Dayton 'never made his mark'

Sen. Mark Dayton is both an anomaly and an enigma.

An anomaly because he wasn’t supposed to win the Minnesota Democratic-Farmer-Labor (DFL) Party’s nomination for the U.S. Senate or unseat incumbent Republican Sen. Rod Grams in 2000. But he did just that, and soon became the North Star State’s senior senator when liberal Paul Wellstone died in a plane crash 10 days before the 2002 election.

An enigma because he failed to take advantage of the Wellstone legacy and his own famous name and personal wealth to bolster his chances for reelection in 2006. Worse yet, he alienated some fellow Democrats by not giving them advance notice of his decision not to seek a second term and opened himself to ridicule by closing his Russell Building office last fall because of an undisclosed security threat.

“He never made his mark,” said a Minnesota Democratic congressional aide who asked to remain anonymous. “He was a guy who never took advantage of the power of incumbency.”
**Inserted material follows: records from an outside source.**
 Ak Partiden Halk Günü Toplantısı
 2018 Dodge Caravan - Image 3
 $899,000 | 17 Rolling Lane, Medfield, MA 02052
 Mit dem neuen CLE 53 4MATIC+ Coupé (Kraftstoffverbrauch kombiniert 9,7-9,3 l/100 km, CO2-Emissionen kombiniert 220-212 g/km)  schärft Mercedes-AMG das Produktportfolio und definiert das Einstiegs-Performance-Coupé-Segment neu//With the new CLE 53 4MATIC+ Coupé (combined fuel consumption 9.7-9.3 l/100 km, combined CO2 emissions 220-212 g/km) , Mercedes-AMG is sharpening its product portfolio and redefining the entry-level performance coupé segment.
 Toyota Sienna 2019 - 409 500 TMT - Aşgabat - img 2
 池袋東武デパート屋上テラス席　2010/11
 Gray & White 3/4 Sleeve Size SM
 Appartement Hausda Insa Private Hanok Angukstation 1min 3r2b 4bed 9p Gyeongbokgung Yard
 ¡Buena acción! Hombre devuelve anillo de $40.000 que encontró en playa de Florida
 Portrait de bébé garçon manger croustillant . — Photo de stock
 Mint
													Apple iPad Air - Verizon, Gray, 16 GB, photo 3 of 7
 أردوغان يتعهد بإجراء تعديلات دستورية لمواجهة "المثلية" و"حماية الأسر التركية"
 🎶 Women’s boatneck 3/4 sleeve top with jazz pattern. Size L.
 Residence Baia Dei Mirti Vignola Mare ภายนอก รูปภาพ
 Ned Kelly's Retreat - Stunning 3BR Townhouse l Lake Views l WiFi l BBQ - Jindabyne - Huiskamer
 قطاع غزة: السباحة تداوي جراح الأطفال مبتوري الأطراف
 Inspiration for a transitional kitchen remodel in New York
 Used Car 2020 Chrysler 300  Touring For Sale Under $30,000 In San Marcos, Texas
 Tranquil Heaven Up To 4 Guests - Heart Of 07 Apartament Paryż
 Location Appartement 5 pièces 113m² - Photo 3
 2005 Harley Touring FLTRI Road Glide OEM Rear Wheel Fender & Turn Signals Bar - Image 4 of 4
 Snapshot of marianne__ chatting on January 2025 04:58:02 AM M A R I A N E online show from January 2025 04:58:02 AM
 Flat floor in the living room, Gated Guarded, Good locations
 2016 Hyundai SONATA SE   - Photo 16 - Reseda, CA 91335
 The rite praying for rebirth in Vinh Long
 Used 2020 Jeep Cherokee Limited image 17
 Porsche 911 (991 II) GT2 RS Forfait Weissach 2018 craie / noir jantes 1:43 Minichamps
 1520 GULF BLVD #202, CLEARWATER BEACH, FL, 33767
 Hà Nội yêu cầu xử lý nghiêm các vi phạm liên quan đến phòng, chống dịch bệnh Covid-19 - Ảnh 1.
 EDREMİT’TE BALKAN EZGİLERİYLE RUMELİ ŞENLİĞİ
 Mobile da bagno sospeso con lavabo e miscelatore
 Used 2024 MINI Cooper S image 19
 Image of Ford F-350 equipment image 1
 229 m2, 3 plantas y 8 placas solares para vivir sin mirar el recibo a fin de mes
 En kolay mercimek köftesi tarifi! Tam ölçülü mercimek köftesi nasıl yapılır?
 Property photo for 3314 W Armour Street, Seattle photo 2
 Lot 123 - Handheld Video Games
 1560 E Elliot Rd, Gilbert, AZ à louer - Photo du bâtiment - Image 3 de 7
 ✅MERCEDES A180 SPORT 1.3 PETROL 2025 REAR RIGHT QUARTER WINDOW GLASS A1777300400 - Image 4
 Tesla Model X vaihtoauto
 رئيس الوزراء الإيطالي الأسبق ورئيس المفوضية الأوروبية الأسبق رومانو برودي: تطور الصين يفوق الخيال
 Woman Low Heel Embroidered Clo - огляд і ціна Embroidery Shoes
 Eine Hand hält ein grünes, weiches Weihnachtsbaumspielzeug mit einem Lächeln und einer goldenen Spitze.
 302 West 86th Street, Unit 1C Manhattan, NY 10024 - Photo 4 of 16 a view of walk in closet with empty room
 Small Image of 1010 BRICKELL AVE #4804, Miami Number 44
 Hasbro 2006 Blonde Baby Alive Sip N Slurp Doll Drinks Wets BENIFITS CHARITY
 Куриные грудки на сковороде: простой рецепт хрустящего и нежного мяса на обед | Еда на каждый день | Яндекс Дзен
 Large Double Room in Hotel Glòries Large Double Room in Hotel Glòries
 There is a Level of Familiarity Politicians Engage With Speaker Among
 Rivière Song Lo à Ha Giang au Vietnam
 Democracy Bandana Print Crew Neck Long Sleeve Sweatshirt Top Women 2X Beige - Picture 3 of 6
As a result, the youthful-looking 58-year-old department-store heir has become the lamest of the Senate’s five lame ducks, while faced with trying to make the most of his remaining 16 months in the Senate as a very junior member of the minority party.

“I’m mindful that I don’t have much say on what the agenda is,” Dayton said in a recent interview when asked what he hopes to accomplish before returning to private life in January 2007. “I have to be opportunistic.”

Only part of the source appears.